The assets mentioned in article 965 given a usufruct, a right of habitation or a right of use granted on a personal basis are included in the assets of the usufructuary or the holder of the right for their full ownership value.
However, provided, in the case of usufruct, that the right constituted is neither sold nor transferred free of charge by its holder, these assets encumbered by the usufruct or the right of use or habitation are included, respectively, in the assets of the usufructuary or the bare owner according to the proportions set by article 669 when:
1° The creation of the usufruct results from the application of article 757 of the Civil Code, of article 767 of the same Code as it read prior to Act No. 2001-1135 of 3 December 2001 relating to the rights of surviving spouses and adulterine children and modernising various provisions of inheritance law, of article 1094 of the said code in its wording prior to Law no. 2006-728 du 23 June 2006 portant réforme des successions et des libéralités or article 1098 of the same code.
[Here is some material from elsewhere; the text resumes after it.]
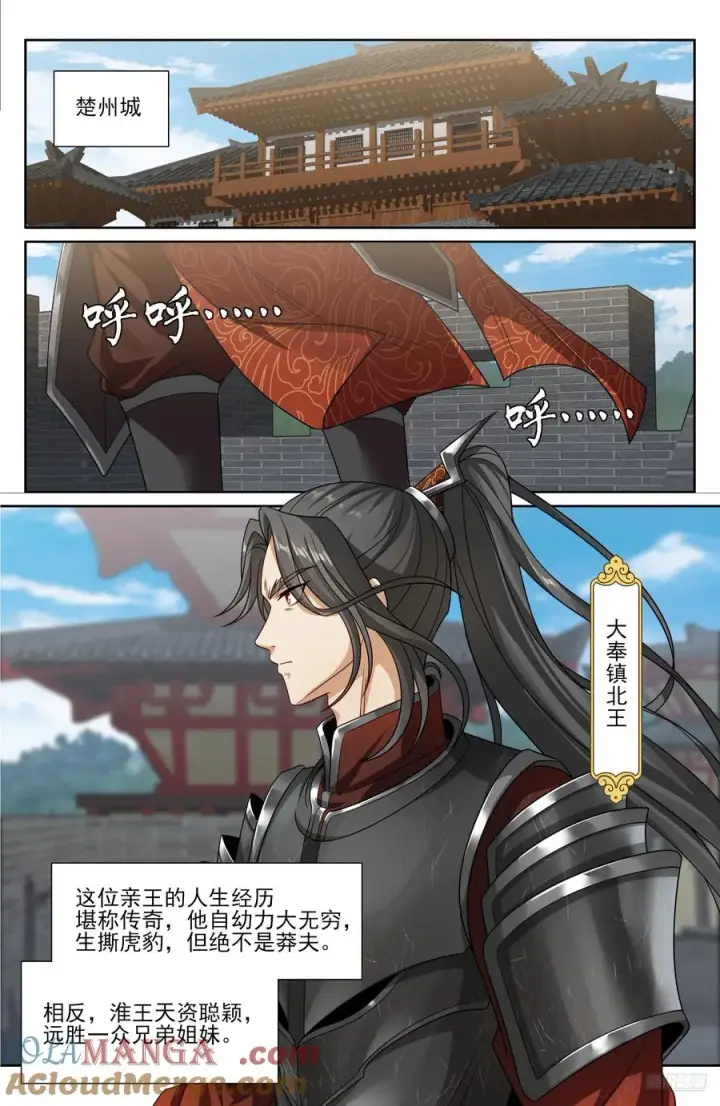 《大奉打更人》454蛮族入侵图7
Property the ownership of which is dismembered pursuant to other provisions, in particular article 1094-1 of the same code, may not be subject to this apportioned taxation;
2° The dismemberment of ownership results from the sale of a property of which the seller has reserved the usufruct, right of use or dwelling and the purchaser is not one of the persons mentioned in Article 751 of this code;
3° The usufruct or the right of use or habitation has been reserved by the donor of a property which has been the subject of a gift or a legacy to the State, a department, a commune or a syndicate of communes or their public establishments, a national public establishment of an administrative nature or an association recognised as being of public utility.